I always shall envy the imagination of Count Pasch van Krienen,
who took upon himself the glory of having opened the tomb of the
immortal poet, and of having looked upon his mortal remains as they
crumbled into dust on exposure to the air. Before this imagination
pales every other, even that which proposes to have opened the grave
of Agamemnon, and disclosed the halls of Ilium. Count Pasch had,
however, a great deal to go upon; he had read his Herodotus, and
believed that Homer, on his way from Samos to Athens, died at Ios,
and must necessarily have been buried. Furthermore, ships bound
from Samos to Athens do still pass along the north coast of Ios,
and if there is a southern gale they will shelter for days in the
little harbour below Plaketos. There are traces of a round Hellenic
watchtower, in the vicinity of which are scattered many graves.
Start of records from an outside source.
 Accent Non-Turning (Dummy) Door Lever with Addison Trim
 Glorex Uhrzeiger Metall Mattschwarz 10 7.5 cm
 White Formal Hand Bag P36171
Several of these Count Pasch opened, and one he decided to be the
grave of Homer because he found a coin in it with something like
'OMEROS' upon it. Perhaps the next grave which is just
like it—a long ordinary tomb—he considered as the resting
place of Homer's mother. Who knows?
Tradition from earliest times has honoured Ios as the burial-place
of Homer. Pliny calls Ios 'Homeri sepulchro veneranda,'
and there exists still a modern legend, which looks as if it owed
its origin to Homer's story:— 'Once upon a time
there lived at Plaketos an old woman and her son in a little cottage;
robbers penetrated one night into it, strangled the mother and gouged
out the eyes of her son. When they had gone the son buried his mother,
and set off to wander through the archipelago, singing songs to
earn his bread as he travelled—songs which were even better
than those of Riga, and which gained for him great fame. Eventually
he returned to Ios to die, and was buried near his mother.'
I wonder whether Count Pasch ever heard this legend? He would have
been delighted with it if he had; at any rate, he got hold of a
marble slab which was before the Church of St. Catharine, and which
tradition said came from the grave of Homer. On this he though he
detected letters which looked suspiciously like Homer's name,
and on these grounds he started to dig, and astonished the literary
world a hundred years ago by his reported discovery.
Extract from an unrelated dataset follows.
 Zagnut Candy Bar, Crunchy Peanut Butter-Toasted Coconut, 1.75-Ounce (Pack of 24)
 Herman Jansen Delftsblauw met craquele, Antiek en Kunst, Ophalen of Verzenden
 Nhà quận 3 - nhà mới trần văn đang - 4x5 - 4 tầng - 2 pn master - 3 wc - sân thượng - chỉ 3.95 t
We did not stay very long at the tower or the tombs, but returned
to Plaketos, where some twenty hovels form a little colony celebrated
for its honey productions. Several of the houses are storehouses
full of the productions of the soil, and large jars ('pselloi')
in which the bees have made their honey. Hardly anyone lives here
in winter, except an old man, who said he was eighty, but did not
look or act as if he was sixty. He boasted of having shown King
Otho and Queen Amalia the tomb of Homer, and the demarch invited
him to join our repast, constantly filled his gourd with wine, and
made him very merry. The poor old man sang with wonderful vigour
for his years, and on rising to go came down with such a crack on
a stone with his skull that we thought he must be killed, but he
was up again in no time, sobered somewhat, and not so gay. I never
saw a mere miserable hovel than his house: it was exceedingly low,
so that a tall person could not stand upright; the window was merely
the absence of a stone in the wall; the door four feet high; the
bed simply a collection of stones on which were placed boards and
dried grass, and twigs on the top of that. Implements of husbandry
impeded progress at every step; the only seats were stones; people
who can live to be eighty in places like this must indeed be hardy.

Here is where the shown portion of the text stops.